Will that handle 2 servers at once, or should I try to put my testserver elsewhere?

I used to run my bard on live off that machine decently, but idk which specs are most important on a server, or howmuch each uses just being launched.

Uleat
04-02-2018, 04:05 PM
http://www.eqemulator.org/forums/showpost.php?p=257947&postcount=9

Tegila
04-02-2018, 04:10 PM
Thanks. Heres a question though, (more windows than eqemu) If you keep account logged in, but then sign into a different user, and the first has a static IP, will the second account be running off the same IP, or will it get its own? And if it gets it's own, could a server then be run off that acct concurrently with the first as long as both stay logged in, i.e. similar to a virtual machine.

Maze_EQ
04-02-2018, 05:00 PM
Bruh...Internal IP address means jack shit. The PC itself will keep an address as long as the DHCP lease doesn't expire, or is set to static.

The reason you can't run two is due to routers only being able to forward ports to ONE IP at a time, and two applications CANNOT bind to the same port at the same time.

Tegila
04-02-2018, 09:47 PM
Thanks Maze. Wasn't thinking about ports. I'll just have to figure how to get another machine to let me install or get a copy and paste job to work, and remember to have 2 different clients to connect with.

Wait, so that wouldn't matter anyway no matter how many computers, can only have 1 lan server running at a time it sounds. That kinda defeats the reason for making a test server, not having to keep hotfixing etc or restarting the one everyone plays on.

Oh, but I'm not a bruh ;)

Tegila
04-03-2018, 06:29 AM
Or, can I just assign different ports to each server? I could use titanium to access the testserver, so luginserver uses a diff port, and I understand the rest are in ranges. But idk if those ranges are set by the server, the client, or a combination. I know one can get around the issue of portforwarding by having the receiving machine then proxy to another in the case of multiple domain servers, but being that these are the same thing, not just 2 diff things using same port, idk if that could be utilized here.

GRUMPY
04-03-2018, 07:32 AM
I apologize if I am wrong in understanding what your goal is here, but I was interpreting
that you wanted to keep a server up on the LAN open for players to romp around, while
you work on another server ? (I was reading another post of yours)

Something I do right now, is one server, operating on the LAN, accessible by any player on the
LAN, but on my own work station puter, I run a seperate local server with IP's all set to 127.0.0.1
which enables me to work on that server locally. (server and client both on same box)
If that's not your intentions, then sorry, I have no clue, haha

Tegila
04-03-2018, 12:51 PM
I apologize if I am wrong in understanding what your goal is here, but I was interpreting
that you wanted to keep a server up on the LAN open for players to romp around, while
you work on another server ? (I was reading another post of yours)

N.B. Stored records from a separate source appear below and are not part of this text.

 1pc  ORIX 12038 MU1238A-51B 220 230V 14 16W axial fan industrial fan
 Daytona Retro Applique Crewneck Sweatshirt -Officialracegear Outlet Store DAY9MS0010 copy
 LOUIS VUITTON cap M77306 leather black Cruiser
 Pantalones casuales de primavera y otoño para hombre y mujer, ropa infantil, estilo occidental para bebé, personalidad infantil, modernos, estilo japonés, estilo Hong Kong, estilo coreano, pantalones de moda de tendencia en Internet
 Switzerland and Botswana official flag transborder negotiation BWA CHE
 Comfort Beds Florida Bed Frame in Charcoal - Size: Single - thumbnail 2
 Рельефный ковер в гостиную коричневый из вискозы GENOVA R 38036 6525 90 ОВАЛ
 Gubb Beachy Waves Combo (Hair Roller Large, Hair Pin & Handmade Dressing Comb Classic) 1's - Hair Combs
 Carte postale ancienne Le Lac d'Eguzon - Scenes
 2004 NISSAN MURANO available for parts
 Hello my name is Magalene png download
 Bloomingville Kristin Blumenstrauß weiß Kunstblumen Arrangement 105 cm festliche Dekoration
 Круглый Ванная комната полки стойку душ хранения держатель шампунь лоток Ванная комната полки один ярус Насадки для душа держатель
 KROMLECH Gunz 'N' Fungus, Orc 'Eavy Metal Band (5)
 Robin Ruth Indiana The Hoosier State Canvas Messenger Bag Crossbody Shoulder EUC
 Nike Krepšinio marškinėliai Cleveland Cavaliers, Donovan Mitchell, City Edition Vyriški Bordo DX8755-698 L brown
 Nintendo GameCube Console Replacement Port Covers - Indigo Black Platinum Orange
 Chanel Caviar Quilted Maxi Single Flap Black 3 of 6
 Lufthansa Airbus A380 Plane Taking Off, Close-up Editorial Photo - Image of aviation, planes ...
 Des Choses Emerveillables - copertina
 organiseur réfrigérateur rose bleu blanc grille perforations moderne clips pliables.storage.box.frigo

Something I do right now, is one server, operating on the LAN, accessible by any player on the
LAN, but on my own work station puter, I run a seperate local server with IP's all set to 127.0.0.1
which enables me to work on that server locally. (server and client both on same box)
If that's not your intentions, then sorry, I have no clue, haha

That's exactly what I want to do. So as long as it's on the machine I'm using I can use the 127.0.0 settings?

Shin Noir
04-04-2018, 03:14 PM
If you're tech-savvy, you can get a tiny instance on google cloud or amazon web services to spin up an instance and get an elastic ip assigned. Expose ports on it, and relay the traffic to your local instance using sshuttle (linux) or another similar service.

By doing that, you can have as many servers as you want running on one server, and reach each one via different IP addresses, by binding the local servers to unique IP's and routing traffic..

But with the above, you are likely better off just getting 2 servers anyways.